What is needed
Repeat the records below verbatim, and do not copy their pictures.

Excerpts from a dataset
------------------------------------
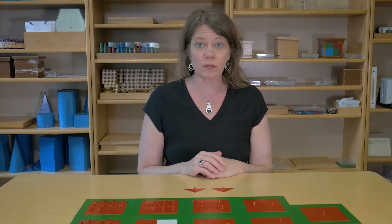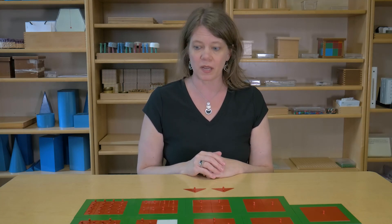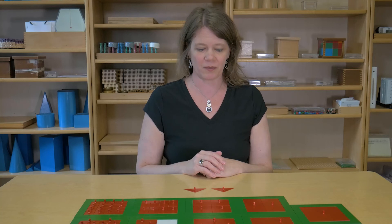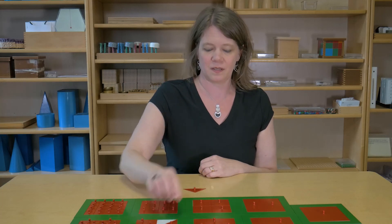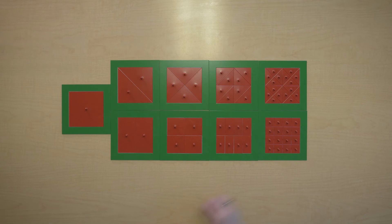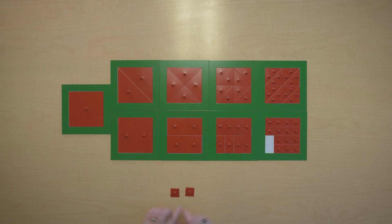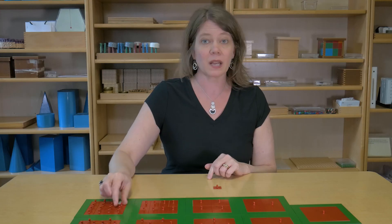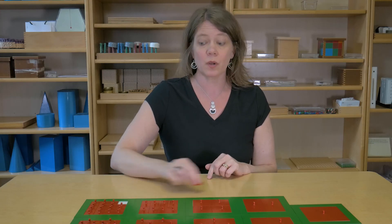I wonder if you could find two congruent figures. These are congruent. Maybe you'd like to trace and color some congruent shapes and we could even make a booklet.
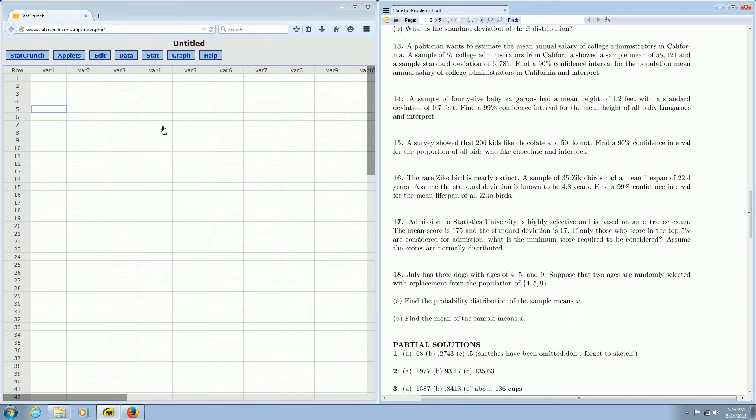In this video, we're going to find a confidence interval for a proportion. We're going to focus on problem number 15 here.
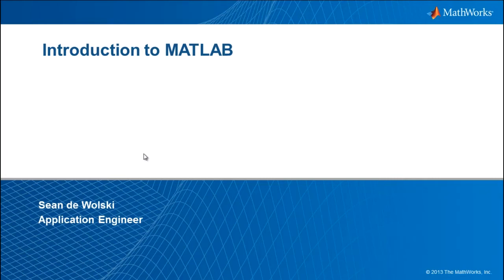Hello, and welcome to this webinar where we are going to introduce MATLAB. My name is Sean Davalski, and I'm an application engineer at MathWorks.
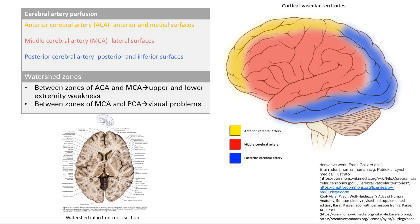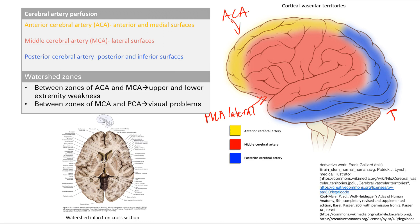Let's talk about the vasculature of the brain. There are three main arteries. First is the anterior cerebral artery (ACA) in yellow — it supplies the anterior and medial parts of the brain. Second is the middle cerebral artery (MCA), which supplies the lateral surfaces including the temporal lobe and lateral frontal lobe. Finally, the posterior cerebral artery (PCA) in blue supplies the posterior and inferior surfaces, including the occipital lobe, which is our vision center.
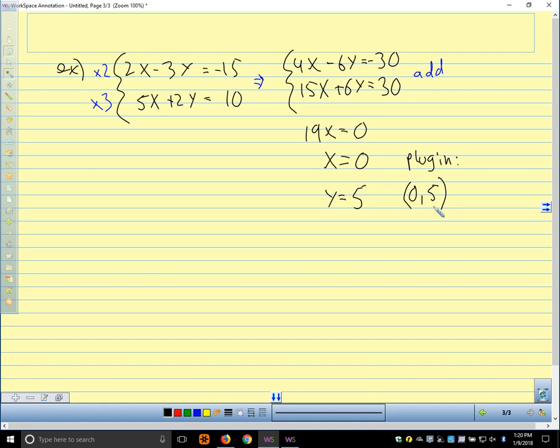The most common mistake in systems of equations is arithmetic errors — it's very easy to make them.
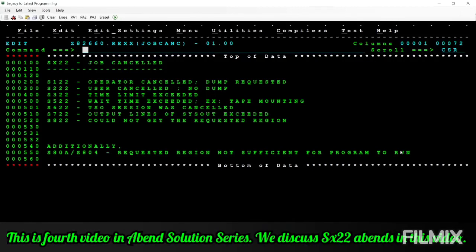Good morning. This is the fourth video in Abend solution series. In this video we are going to see SX22 to Abend.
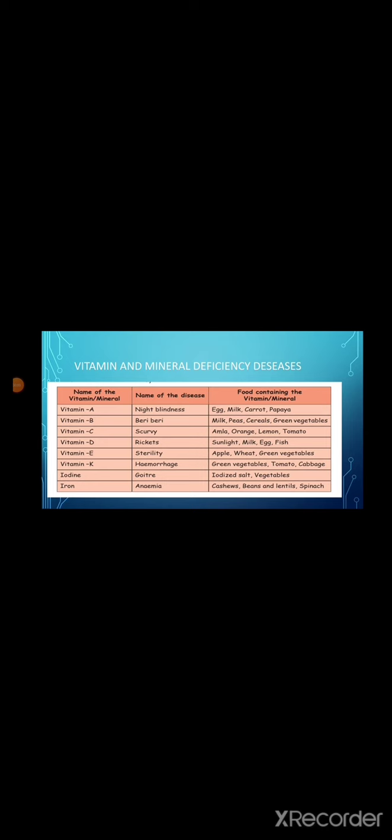Vitamins and mineral deficiency diseases. Certain diseases are caused by deficiency of vitamins and minerals. By eating vitamin and minerals rich food items, we can avoid these diseases. The following table gives some of the diseases caused by deficiency of vitamins and minerals and the food items which rectify them.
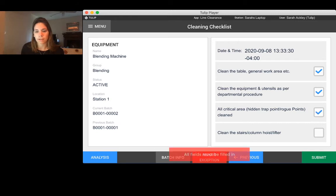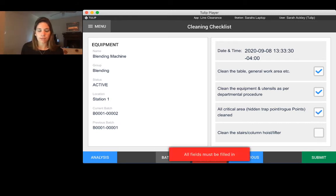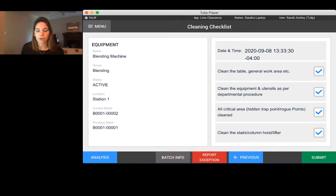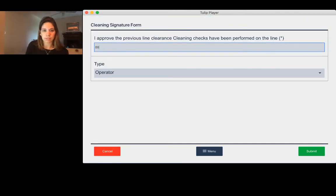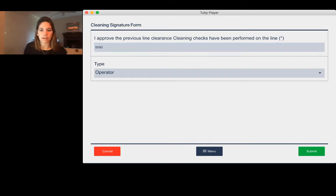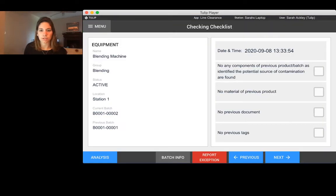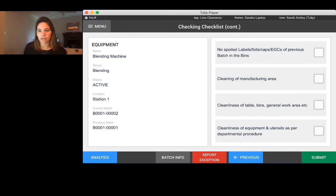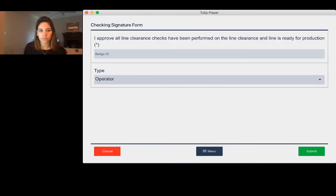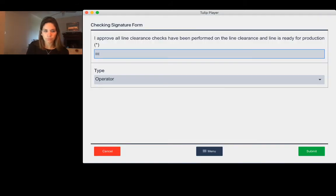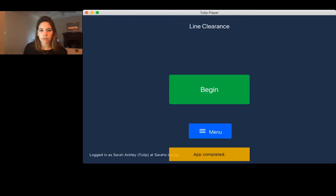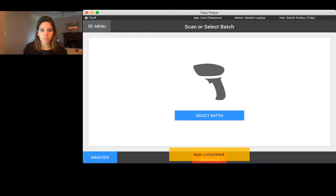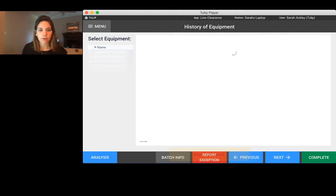One other thing that TULIP does do is you can make sure all of your fields are required. That's just building quality into the design of the application. We go through and confirm our checking, and now we've completed the line clearance for that new batch.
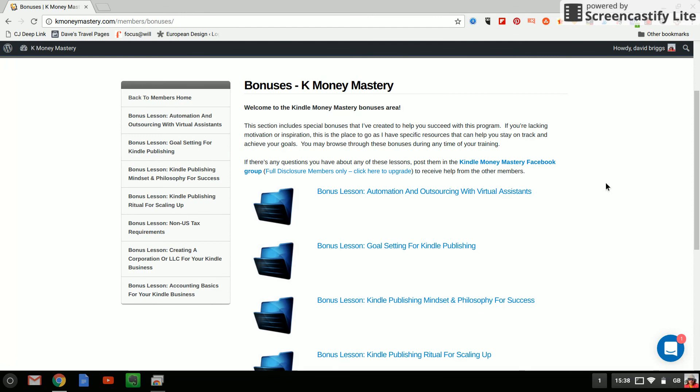So I hope this video has been interesting for anyone considering Kindle Publishing or buying the K Money Mastery course. The one line conclusion is yes it is value for money and that's all I've got to say for now. So I will catch you guys in the next video. Cheers for now.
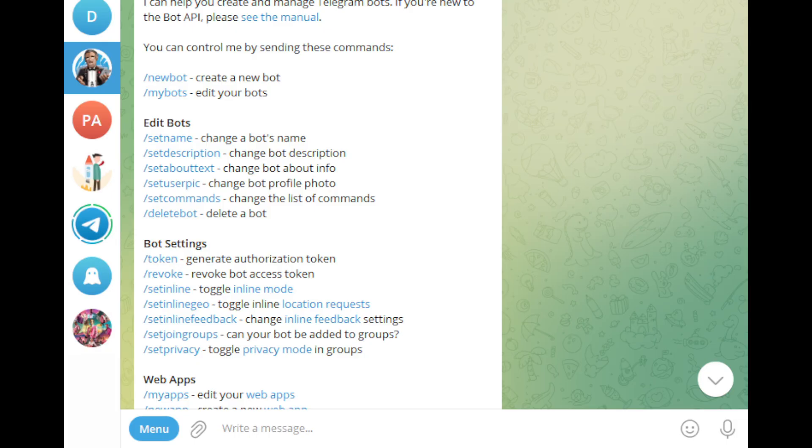Next, click Start in the Botfather chat. This will display all the available actions. What we need is to create a new bot. You can either click the new bot link or simply type new bot in the chat.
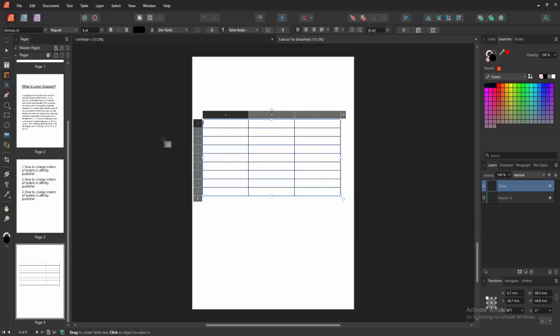Then write anything to this column. Now I write some number. Press down arrow to go to another cell.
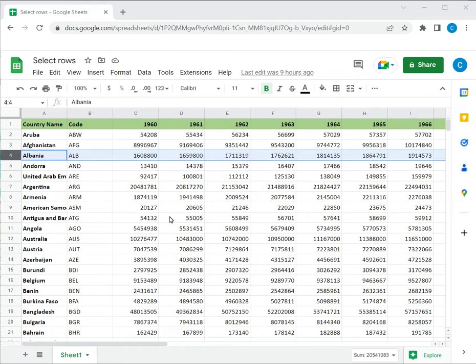Google Sheets is a popular spreadsheet application in which the workspace is laid out in the form of rows and columns. When working with Google Sheets, there will be many occasions on which you will need to select multiple rows. This could be either to format the rows, to move them to a different location, or maybe to copy and paste them elsewhere.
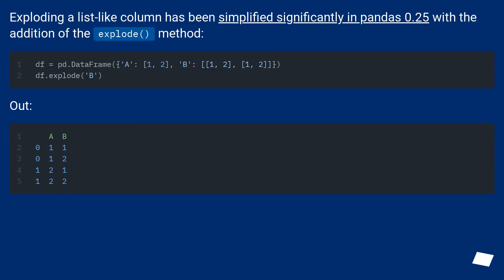Exploding a list-like column has been simplified significantly in Pandas 0.25 with the addition of the explode method. Output.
------------------------------------
Answer space
I wonder if you could find two congruent figures. These are congruent. Maybe you'd like to trace and color some congruent shapes and we could even make a booklet.
In this video, we're going to find a confidence interval for a proportion. We're going to focus on problem number 15 here.
Hello, and welcome to this webinar where we are going to introduce MATLAB. My name is Sean Davalski, and I'm an application engineer at MathWorks.
Let's talk about the vasculature of the brain. There are three main arteries. First is the anterior cerebral artery (ACA) in yellow — it supplies the anterior and medial parts of the brain. Second is the middle cerebral artery (MCA), which supplies the lateral surfaces including the temporal lobe and lateral frontal lobe. Finally, the posterior cerebral artery (PCA) in blue supplies the posterior and inferior surfaces, including the occipital lobe, which is our vision center.
The most common mistake in systems of equations is arithmetic errors — it's very easy to make them.
Good morning. This is the fourth video in Abend solution series. In this video we are going to see SX22 to Abend.
Vitamins and mineral deficiency diseases. Certain diseases are caused by deficiency of vitamins and minerals. By eating vitamin and minerals rich food items, we can avoid these diseases. The following table gives some of the diseases caused by deficiency of vitamins and minerals and the food items which rectify them.
One other thing that TULIP does do is you can make sure all of your fields are required. That's just building quality into the design of the application. We go through and confirm our checking, and now we've completed the line clearance for that new batch.
So I hope this video has been interesting for anyone considering Kindle Publishing or buying the K Money Mastery course. The one line conclusion is yes it is value for money and that's all I've got to say for now. So I will catch you guys in the next video. Cheers for now.
Next, click Start in the Botfather chat. This will display all the available actions. What we need is to create a new bot. You can either click the new bot link or simply type new bot in the chat.
Then write anything to this column. Now I write some number. Press down arrow to go to another cell.
Google Sheets is a popular spreadsheet application in which the workspace is laid out in the form of rows and columns. When working with Google Sheets, there will be many occasions on which you will need to select multiple rows. This could be either to format the rows, to move them to a different location, or maybe to copy and paste them elsewhere.
Exploding a list-like column has been simplified significantly in Pandas 0.25 with the addition of the explode method. Output.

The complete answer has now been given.